> WHAT THE TASK REQUIRES: Find and copy every line in the records that includes the string "Lake".

Data entries
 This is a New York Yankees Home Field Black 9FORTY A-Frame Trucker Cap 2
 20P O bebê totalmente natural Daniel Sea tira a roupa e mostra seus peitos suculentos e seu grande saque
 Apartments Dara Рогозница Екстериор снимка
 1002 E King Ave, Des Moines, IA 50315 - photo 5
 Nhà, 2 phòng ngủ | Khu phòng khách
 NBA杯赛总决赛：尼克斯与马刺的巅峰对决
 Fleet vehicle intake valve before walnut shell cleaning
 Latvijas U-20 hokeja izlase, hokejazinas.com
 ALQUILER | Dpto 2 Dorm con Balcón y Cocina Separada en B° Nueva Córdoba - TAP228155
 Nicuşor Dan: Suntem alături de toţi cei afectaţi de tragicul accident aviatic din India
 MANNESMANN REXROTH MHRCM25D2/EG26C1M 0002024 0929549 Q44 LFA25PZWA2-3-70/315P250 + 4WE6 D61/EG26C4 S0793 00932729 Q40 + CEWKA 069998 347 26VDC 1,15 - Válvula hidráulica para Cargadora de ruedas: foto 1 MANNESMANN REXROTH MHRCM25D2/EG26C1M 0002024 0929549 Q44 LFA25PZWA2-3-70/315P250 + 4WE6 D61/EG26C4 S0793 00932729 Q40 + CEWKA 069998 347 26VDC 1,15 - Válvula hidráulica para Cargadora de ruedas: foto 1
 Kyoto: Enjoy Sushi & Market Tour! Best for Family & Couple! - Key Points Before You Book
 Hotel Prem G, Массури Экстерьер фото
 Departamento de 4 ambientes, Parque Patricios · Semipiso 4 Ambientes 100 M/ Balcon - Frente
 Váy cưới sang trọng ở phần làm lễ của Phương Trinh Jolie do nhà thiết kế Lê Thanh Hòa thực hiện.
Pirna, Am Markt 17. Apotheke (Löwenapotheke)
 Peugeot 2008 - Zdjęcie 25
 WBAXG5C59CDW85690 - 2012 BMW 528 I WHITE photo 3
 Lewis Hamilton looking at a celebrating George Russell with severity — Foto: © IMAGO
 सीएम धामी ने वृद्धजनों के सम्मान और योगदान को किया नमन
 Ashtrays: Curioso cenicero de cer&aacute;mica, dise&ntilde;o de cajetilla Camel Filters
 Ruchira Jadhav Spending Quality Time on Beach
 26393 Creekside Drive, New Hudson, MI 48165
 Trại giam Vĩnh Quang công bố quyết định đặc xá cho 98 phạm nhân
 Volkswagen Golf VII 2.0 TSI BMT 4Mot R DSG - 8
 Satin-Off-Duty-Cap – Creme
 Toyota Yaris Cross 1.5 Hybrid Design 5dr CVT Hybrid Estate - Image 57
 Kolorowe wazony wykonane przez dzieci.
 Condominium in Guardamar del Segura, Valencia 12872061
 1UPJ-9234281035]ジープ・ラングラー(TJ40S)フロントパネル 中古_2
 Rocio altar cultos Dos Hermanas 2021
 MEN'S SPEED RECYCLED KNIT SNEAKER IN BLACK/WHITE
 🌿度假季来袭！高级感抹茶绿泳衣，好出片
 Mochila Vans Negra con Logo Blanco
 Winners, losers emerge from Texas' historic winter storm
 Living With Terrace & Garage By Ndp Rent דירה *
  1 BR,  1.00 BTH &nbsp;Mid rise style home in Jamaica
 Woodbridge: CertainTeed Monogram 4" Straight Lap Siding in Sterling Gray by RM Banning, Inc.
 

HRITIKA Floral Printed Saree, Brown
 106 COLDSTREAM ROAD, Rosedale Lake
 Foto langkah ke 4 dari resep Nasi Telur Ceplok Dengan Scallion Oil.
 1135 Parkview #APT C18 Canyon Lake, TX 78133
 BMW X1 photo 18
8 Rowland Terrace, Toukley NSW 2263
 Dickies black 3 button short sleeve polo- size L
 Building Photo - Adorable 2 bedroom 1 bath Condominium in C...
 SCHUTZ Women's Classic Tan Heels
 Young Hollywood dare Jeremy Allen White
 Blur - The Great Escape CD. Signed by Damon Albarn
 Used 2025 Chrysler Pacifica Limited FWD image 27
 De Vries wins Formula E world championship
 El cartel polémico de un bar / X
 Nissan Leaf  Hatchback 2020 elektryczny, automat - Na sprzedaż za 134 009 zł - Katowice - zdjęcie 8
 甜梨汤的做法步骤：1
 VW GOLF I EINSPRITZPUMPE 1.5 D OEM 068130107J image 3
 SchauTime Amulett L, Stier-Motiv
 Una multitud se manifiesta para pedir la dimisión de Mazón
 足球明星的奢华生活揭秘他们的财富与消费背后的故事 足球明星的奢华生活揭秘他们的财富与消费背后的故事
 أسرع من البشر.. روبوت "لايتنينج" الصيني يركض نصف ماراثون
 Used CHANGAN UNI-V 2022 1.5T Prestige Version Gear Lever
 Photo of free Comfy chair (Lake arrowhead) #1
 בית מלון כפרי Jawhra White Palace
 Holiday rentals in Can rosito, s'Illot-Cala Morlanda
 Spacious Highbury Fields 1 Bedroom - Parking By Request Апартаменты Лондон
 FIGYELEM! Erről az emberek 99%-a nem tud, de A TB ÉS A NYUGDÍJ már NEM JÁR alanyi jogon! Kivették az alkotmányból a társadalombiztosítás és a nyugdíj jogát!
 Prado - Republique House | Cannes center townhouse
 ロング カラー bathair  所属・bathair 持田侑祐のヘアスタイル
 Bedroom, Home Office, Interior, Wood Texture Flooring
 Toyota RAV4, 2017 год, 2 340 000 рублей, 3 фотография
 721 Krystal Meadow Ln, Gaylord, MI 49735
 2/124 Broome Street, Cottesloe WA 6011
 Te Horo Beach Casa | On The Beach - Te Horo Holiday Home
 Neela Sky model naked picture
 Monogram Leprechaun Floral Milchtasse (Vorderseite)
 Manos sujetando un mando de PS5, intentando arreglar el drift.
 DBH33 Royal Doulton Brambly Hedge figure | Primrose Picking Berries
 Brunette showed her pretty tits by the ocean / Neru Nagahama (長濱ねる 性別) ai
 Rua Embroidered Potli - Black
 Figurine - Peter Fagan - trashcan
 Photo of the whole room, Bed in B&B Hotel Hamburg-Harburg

> WRITTEN SOLUTION:
 106 COLDSTREAM ROAD, Rosedale Lake
 1135 Parkview #APT C18 Canyon Lake, TX 78133
 Photo of free Comfy chair (Lake arrowhead) #1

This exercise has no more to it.